» **ACTIVITY**
Leaving out all pictures, restate word for word the lines from the one with "These are Southern" through the last line of the entries.

+===+

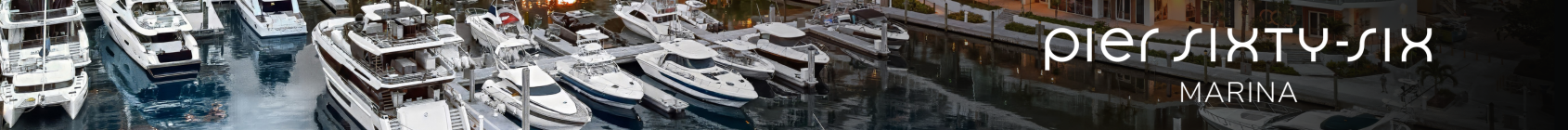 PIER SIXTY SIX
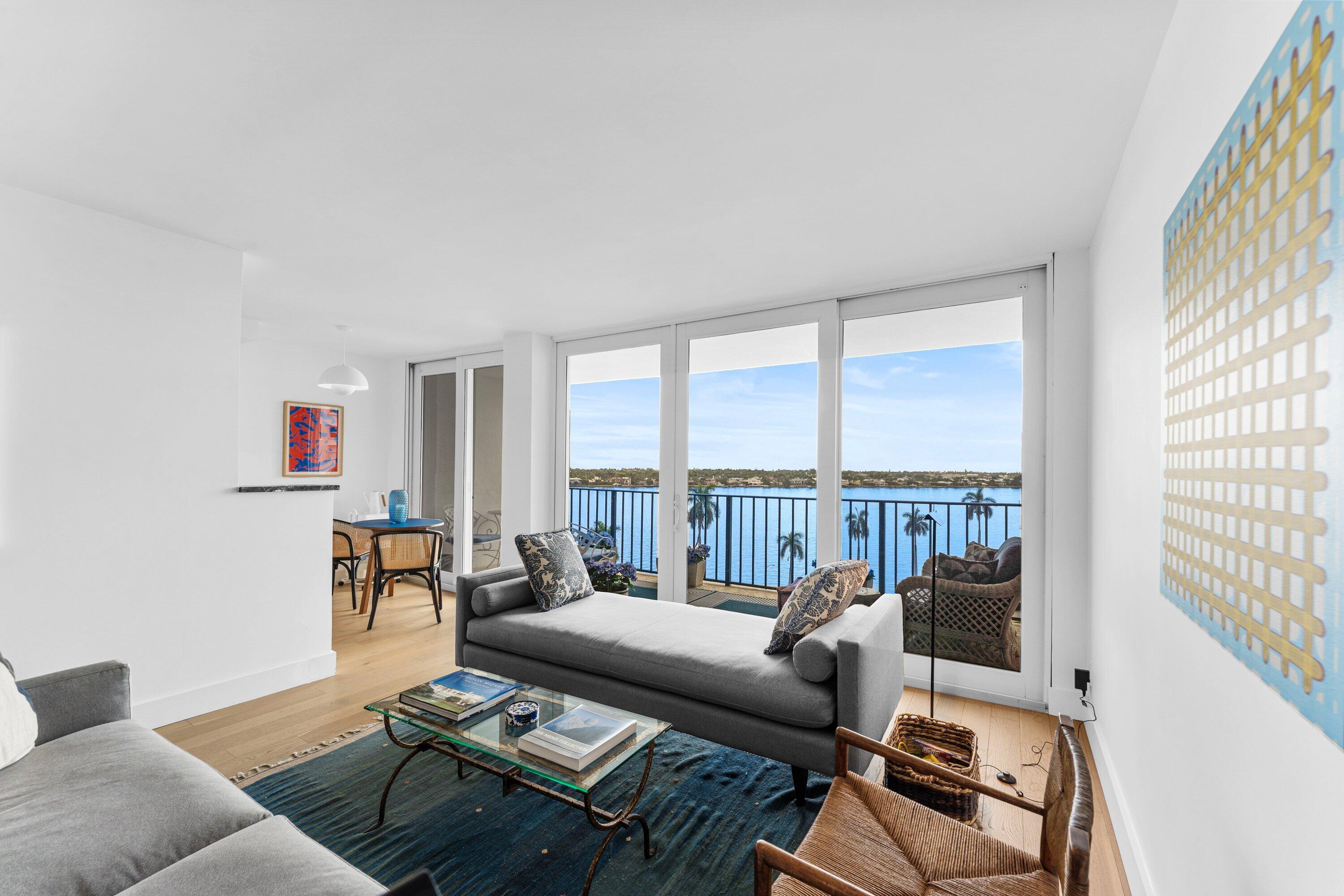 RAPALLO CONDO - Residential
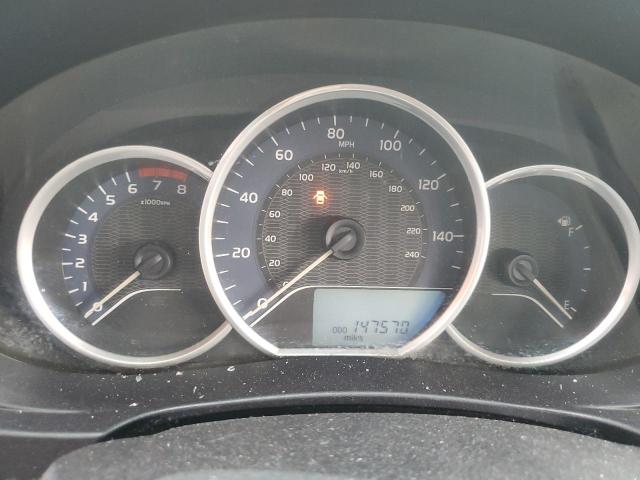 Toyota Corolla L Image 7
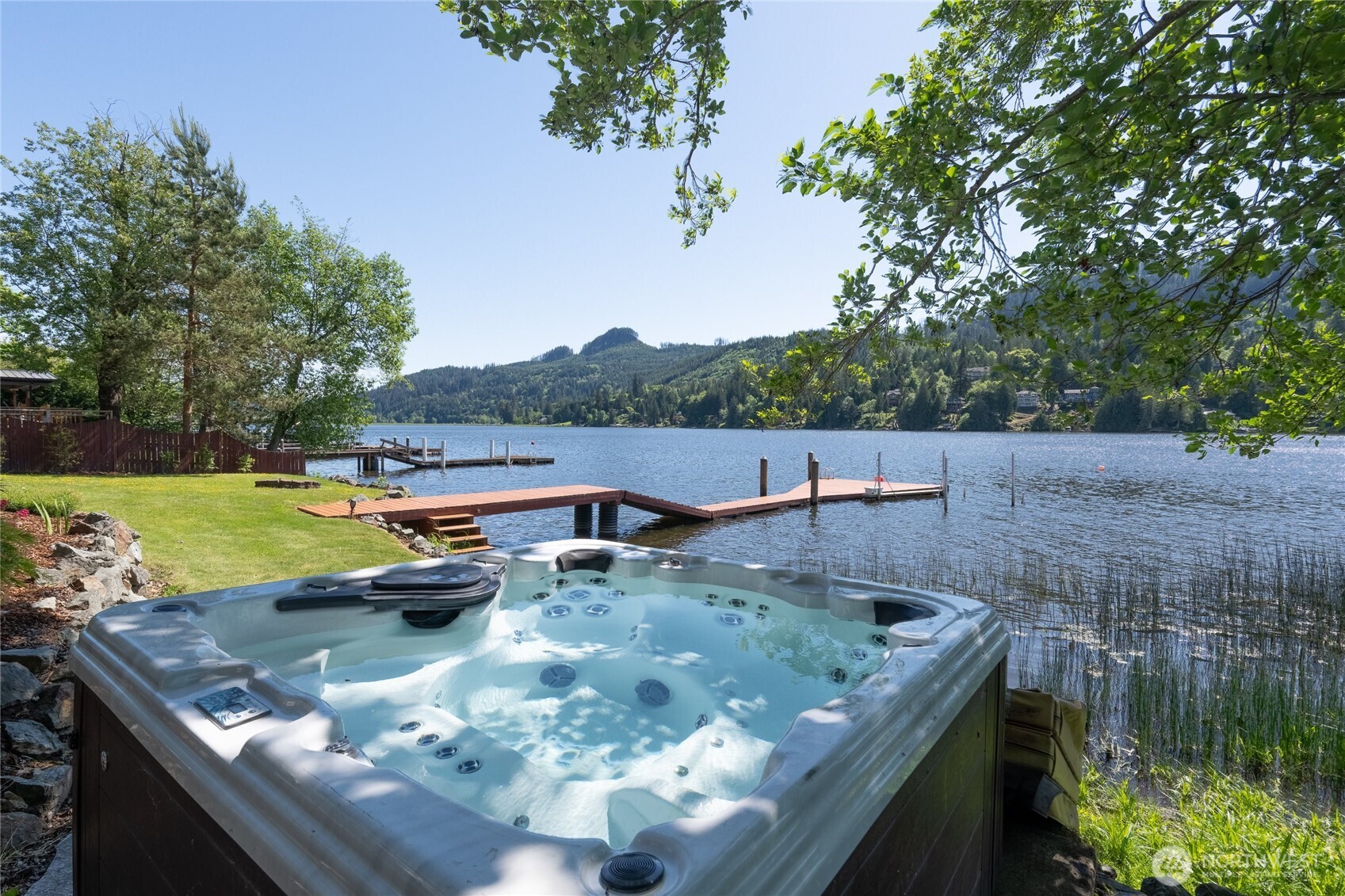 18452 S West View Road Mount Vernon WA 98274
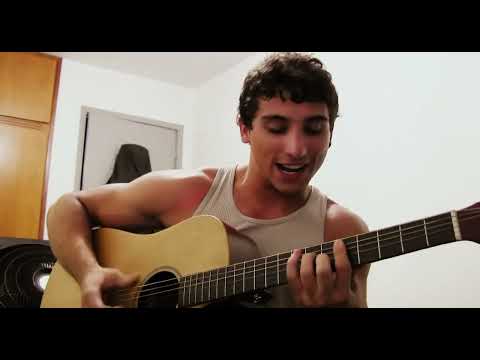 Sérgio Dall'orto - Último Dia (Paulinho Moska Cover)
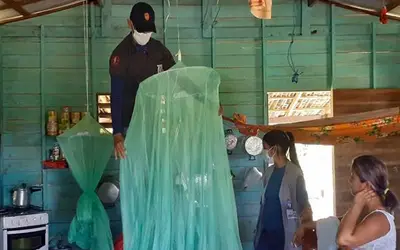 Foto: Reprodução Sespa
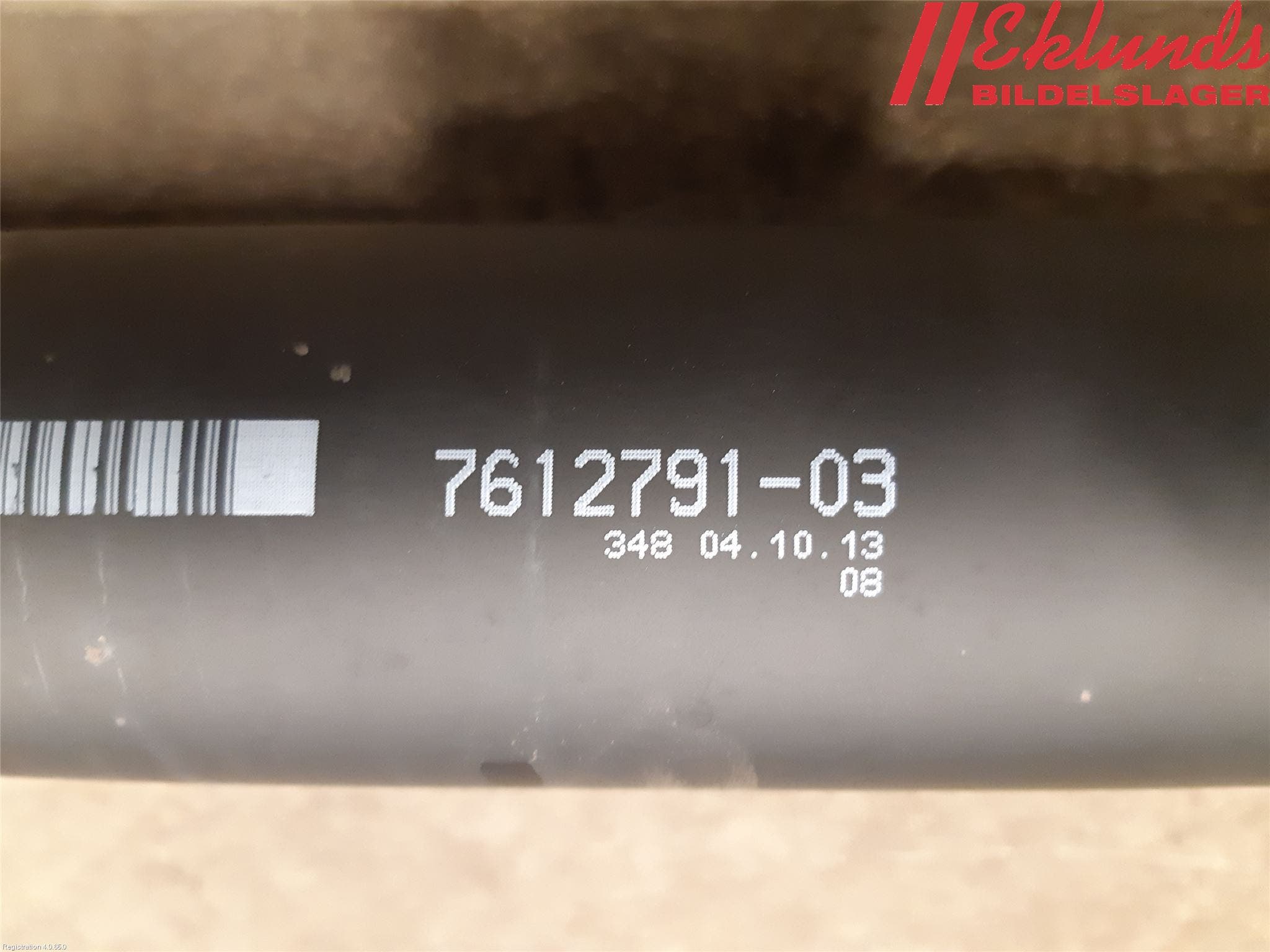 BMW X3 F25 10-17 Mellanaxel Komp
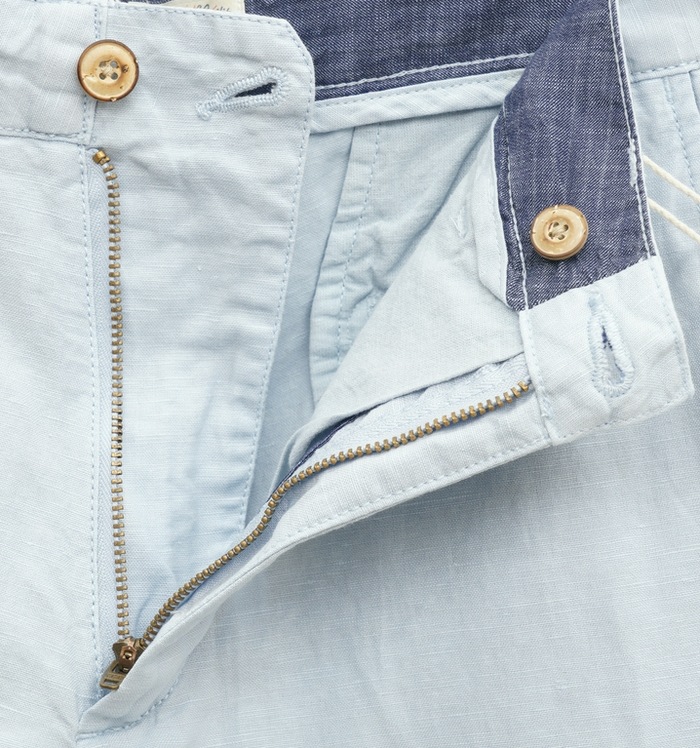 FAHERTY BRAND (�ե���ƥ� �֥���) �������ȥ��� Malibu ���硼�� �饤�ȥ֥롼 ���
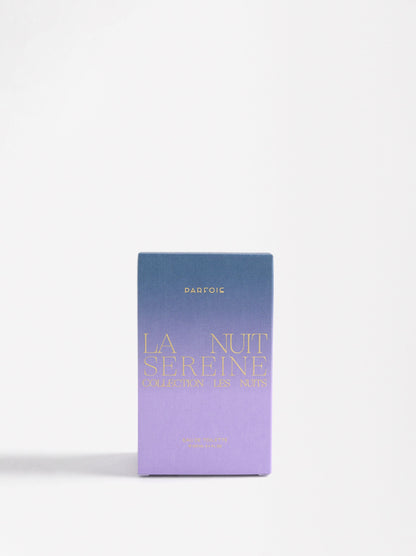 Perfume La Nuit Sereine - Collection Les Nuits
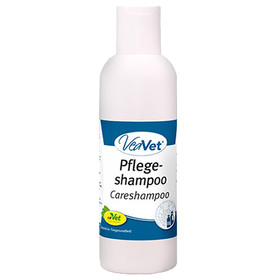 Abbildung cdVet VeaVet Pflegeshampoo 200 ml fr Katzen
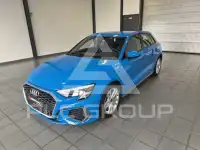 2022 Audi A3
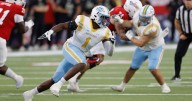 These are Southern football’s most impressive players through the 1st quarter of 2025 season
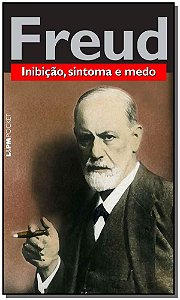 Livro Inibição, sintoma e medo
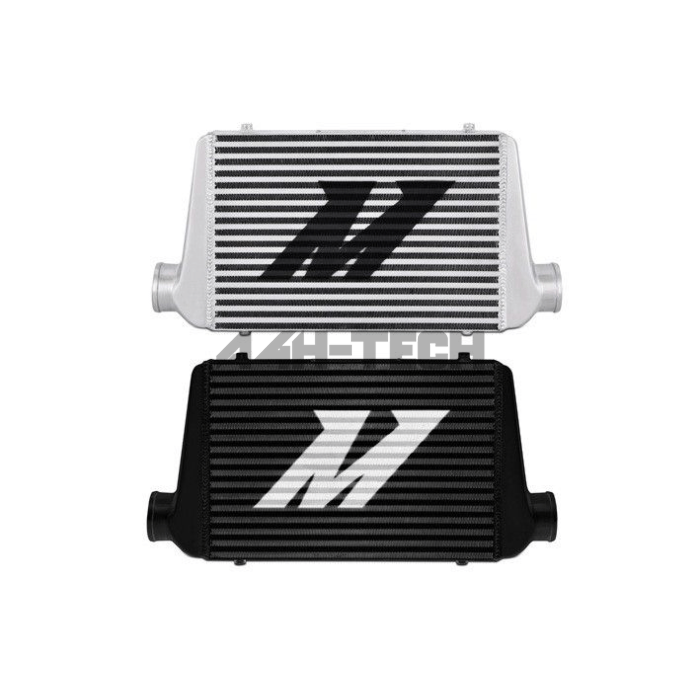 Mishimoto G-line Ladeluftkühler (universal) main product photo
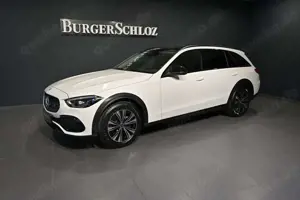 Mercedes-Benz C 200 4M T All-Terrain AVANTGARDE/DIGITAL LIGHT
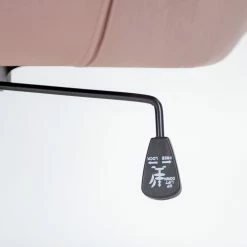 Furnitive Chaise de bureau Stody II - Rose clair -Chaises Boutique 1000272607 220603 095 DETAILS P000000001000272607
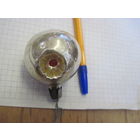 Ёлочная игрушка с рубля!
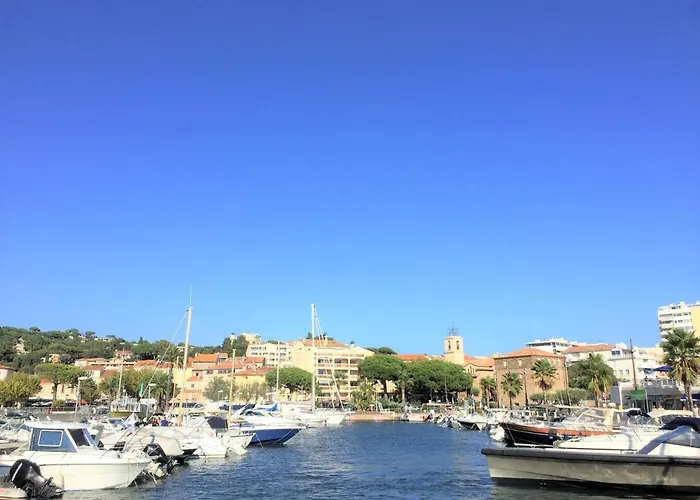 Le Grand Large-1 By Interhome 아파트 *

+===+

» **RESPONSE TO THE TASK**
 These are Southern football’s most impressive players through the 1st quarter of 2025 season
 Livro Inibição, sintoma e medo
 Mishimoto G-line Ladeluftkühler (universal) main product photo
 Mercedes-Benz C 200 4M T All-Terrain AVANTGARDE/DIGITAL LIGHT
 Furnitive Chaise de bureau Stody II - Rose clair -Chaises Boutique 1000272607 220603 095 DETAILS P000000001000272607
 Ёлочная игрушка с рубля!
 Le Grand Large-1 By Interhome 아파트 *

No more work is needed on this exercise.